Despite some of the buzz you might be hearing, don’t think the “best time to send” discussion can be tabled as no longer relevant. To maximize your email marketing ROI, you must still discover the day and the time that give you the highest response rate and return on your investment.
Are you already operating off of some “best time to send” assumptions? As marketers, we want to default to industry best practices and well-publicized case studies. But as email marketers, we are able to—and must—test, not take for granted. Rather than rely on the results of others, we must discover our own. And there’s a real danger in following the crowd. When they say Tuesday is the best day to send and then everyone sends on Tuesday, then what? Tuesday leads to crowded inboxes.
The fact is, the industry doesn’t determine your best time to send; your audience does. And you can only learn that by testing.
Beyond knowing it’s the audience who decides, you must also be clear about what you’re measuring. Number delivered? Opens?
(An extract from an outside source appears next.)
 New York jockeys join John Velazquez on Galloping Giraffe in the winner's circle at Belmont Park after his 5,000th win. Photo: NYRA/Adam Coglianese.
Click-throughs? Conversions? Total revenue? Then instead of asking “What’s the best time to send?” the question could be, “Which day and time gives us the highest (insert metric here)?”
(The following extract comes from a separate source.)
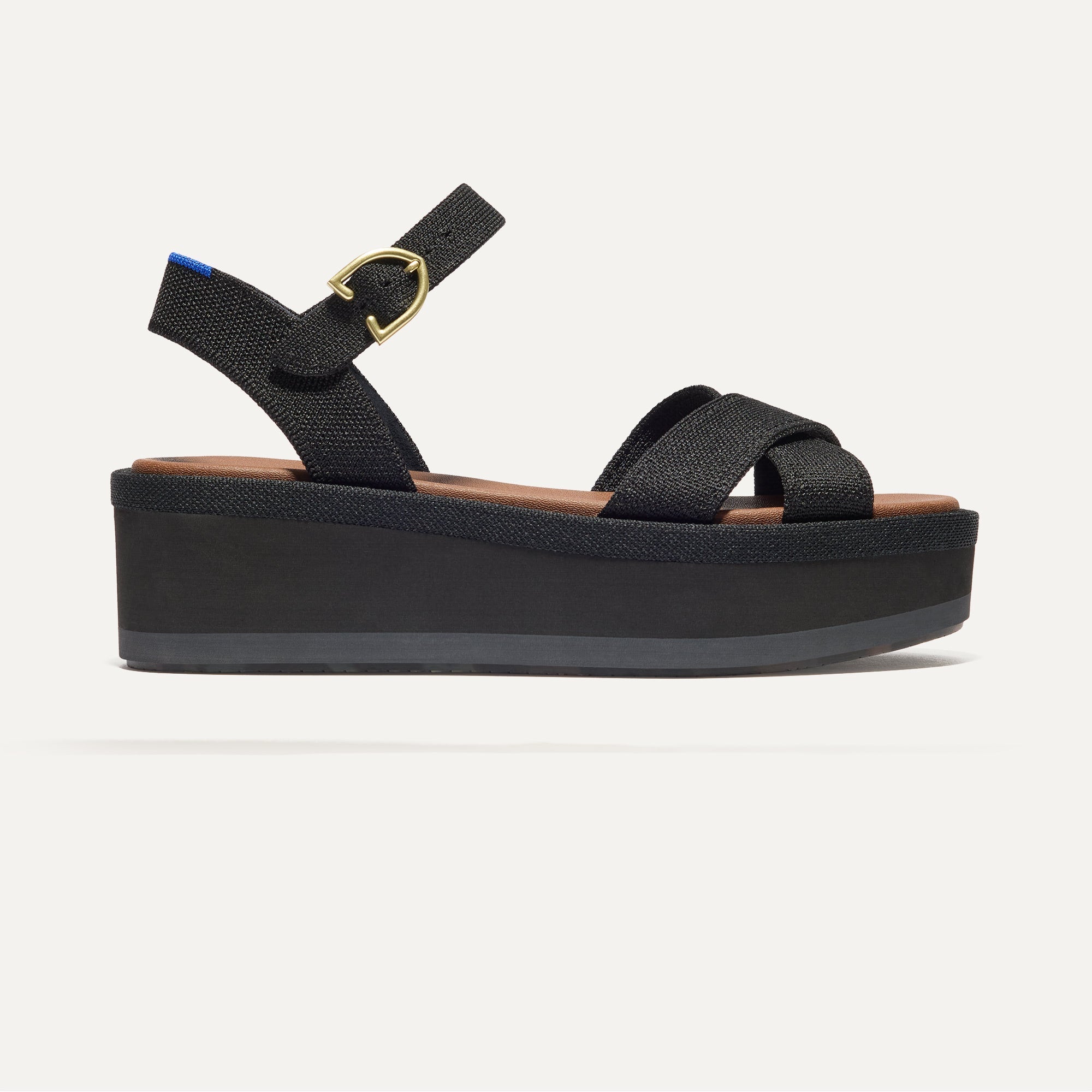 The Criss-Cross Lightweight Wedge Sandal in Black shown from the side.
Know what your metrics really mean. If your metric is revenue, remember that an email opened is not necessarily an email acted upon. The recipient might be curious enough to look beyond the preview pane, but not ready to buy.
This is especially true with mobile devices. Sure, mobile means 24×7 access to email but that probably doesn’t impact your optimum send day. Just because people see their email 24×7 doesn’t mean they respond to it or even really pay attention to it. A relatively safe assumption is that people are less likely to respond to a marketing email on their PDA or BlackBerry. They’ll wait until they are back at their computer to actually respond to—or buy—something.
Also keep in mind that depending on how your audience is segmented, you might have more than one best time to send. For example, the stay-at-home mom can get your email during the day because she’s online and checking her inbox while the kids are at school. But the working mom has to get it after the kids are in bed and she’s catching up on personal email before she turns out the lights.
To determine your own best time for sending by testing, first be clear on your goal. Which metric are you aiming to improve? Then test to that metric, segmenting as much as you can to optimize the delivery day and time for each of your different audiences.
One of our clients is a national home builder. Through testing they’ve learned Friday is the best day to send emails about open houses because they know their audience is planning to spend Saturday touring new home models. Or consider the outdoor equipment retailer that also sends their promotional emails on Friday afternoons. They’ve learned their young, male audience doesn’t plan their weekend activities until Friday afternoon, so the retailer times their emails to coincide with when their audience is beginning to think about Saturday’s fun. If these two companies followed the crowd, imagine the negative impact on their email marketing ROI. They’d be emailing on Tuesdays…and getting totally ignored.
The success of these email campaigns is testament to the importance of knowing when your audience will be most likely to respond to your promotional email. Maybe it’s time for a better “best time to send” discussion, not an end to the discussion.